Except for the ugly things, of course; those I kept secret.
Truthfully, it didn’t cripple me to keep secrets. It was very easy to walk around projecting a life different than the one I was actually leading. On the outside, I pretended to be just like everyone else.
But in secret, my heart was planted on the shaky stones of the approval of men, and I struggled daily to believe I was worth more than they said I was.
It wasn’t until a dear friend sat me down and asked me a very hard question that I finally understood friendship. She said, “Rachel, what are you doing?” And with tears in my eyes and a lump in my throat, I confessed to my friend.
The problem today is that we are afraid to ask hard questions to each other. And we are also afraid to live openly and honestly about the answers to those questions. We don’t talk about our “issues”. We don’t hear about someone’s battle with depression until they commit suicide. We don’t hear about someone’s struggle with lust until they have an affair. And my friend didn’t learn about my issues with acceptance until I got caught looking for love in all the wrong places.
This same friend wrapped up a rock, and gave it to me as a present. With it, she gave me a card that said, “I know you have a lot of hurt to work through, and I know it’s going to be tough. But I thought maybe you could use a friend to help you break down the glass house you’ve been living in.”

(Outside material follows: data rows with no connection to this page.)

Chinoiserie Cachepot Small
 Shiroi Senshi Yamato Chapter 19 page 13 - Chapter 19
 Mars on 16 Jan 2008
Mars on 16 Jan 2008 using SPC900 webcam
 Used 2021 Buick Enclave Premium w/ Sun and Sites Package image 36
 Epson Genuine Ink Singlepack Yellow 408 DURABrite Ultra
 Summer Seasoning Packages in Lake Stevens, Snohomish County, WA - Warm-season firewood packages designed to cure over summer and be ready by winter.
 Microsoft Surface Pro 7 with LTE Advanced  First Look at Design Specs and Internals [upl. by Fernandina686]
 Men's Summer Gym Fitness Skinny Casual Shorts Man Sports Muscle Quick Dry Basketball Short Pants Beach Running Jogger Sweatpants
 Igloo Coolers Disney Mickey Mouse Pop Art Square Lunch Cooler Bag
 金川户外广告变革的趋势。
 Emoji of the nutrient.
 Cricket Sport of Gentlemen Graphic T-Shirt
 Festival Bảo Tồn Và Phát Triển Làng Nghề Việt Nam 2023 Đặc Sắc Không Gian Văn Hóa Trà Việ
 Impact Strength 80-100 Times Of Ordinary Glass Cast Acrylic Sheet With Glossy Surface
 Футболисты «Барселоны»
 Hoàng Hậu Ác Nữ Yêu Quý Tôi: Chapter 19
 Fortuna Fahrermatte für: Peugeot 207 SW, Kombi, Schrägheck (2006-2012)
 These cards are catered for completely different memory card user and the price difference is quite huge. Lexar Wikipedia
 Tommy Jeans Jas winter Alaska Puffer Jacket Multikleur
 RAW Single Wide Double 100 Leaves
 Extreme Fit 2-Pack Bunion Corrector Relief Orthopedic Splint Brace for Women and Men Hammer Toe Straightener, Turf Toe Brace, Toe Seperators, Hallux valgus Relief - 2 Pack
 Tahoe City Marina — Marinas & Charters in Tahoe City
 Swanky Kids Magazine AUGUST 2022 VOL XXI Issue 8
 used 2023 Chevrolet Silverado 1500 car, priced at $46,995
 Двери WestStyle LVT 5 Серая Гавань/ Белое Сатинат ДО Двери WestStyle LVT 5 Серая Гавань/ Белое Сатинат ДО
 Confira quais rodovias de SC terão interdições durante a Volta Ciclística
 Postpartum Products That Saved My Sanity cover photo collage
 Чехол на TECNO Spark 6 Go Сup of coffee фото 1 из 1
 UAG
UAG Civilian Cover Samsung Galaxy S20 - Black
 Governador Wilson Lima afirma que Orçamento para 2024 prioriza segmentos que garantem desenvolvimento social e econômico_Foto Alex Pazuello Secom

There’s a verse that has been lingering in my heart lately. In Matthew, Jesus is talking in parables, and he says this: “The kingdom of heaven is like buried treasure…” (Matt. 13:44)
I think we have piled so much stuff on top of what it was that Jesus preached, that now we have to actually dig to get down to it. And digging is a lot of work. We end up tired, and bruised, with dirt under our fingernails. That’s why we need help; we were made to need each other.
It has been a painful year of opening myself up, one stitch at a time. I’ve dug deeply in my soul, with friends by my side, and found the truth hidden beneath the layers of dirt I packed on. I’ve been ashamed, embarrassed, and so very sorry. However, I am learning this: I would rather be tired from working through it but completely free, than living in a glass house where I am scared to be anything other than perfect.
Ladies, we have to dig for truth, and we have to grasp for community. And we have to do it together. To confess to each other as we are called to do is a very scary, hard thing.
We have to advocate for sisterhood and raw relationships.
We have to ask hard questions and expect our friends to ask us some back.
We have to be accountable to someone other than ourselves; it brings life and truth and the community that Jesus called us to.
The good news – we can start right now. Make it a goal to fight for community because you are worth the freedom that comes with it.
The kingdom of heaven is buried treasure. And it is so worth digging for.
A P.S. From Lauren: One of the main reasons I founded the Good Women Project was to begin this kind of community. This kind of friendship and openness. For your new year’s resolution this year, will you consider digging in and getting honest with a woman you respect? It requires you going out of your way to reach back into the church, the community, a small group, a recovery group, or even a friend you already have. But it’s crucial to the future of your heart. This upcoming year, commit to grow in the light, with someone else. Also, I’d love to ask you to think about making yourself available to another girl. Will you check out our mentoring program? In 2012 we’ll be introducing something new to our mentoring program: A panel of women who are able to answer your questions on intimate, broken things – when you don’t have this kind of women in your life. If you’d like to be on this panel, please let us know.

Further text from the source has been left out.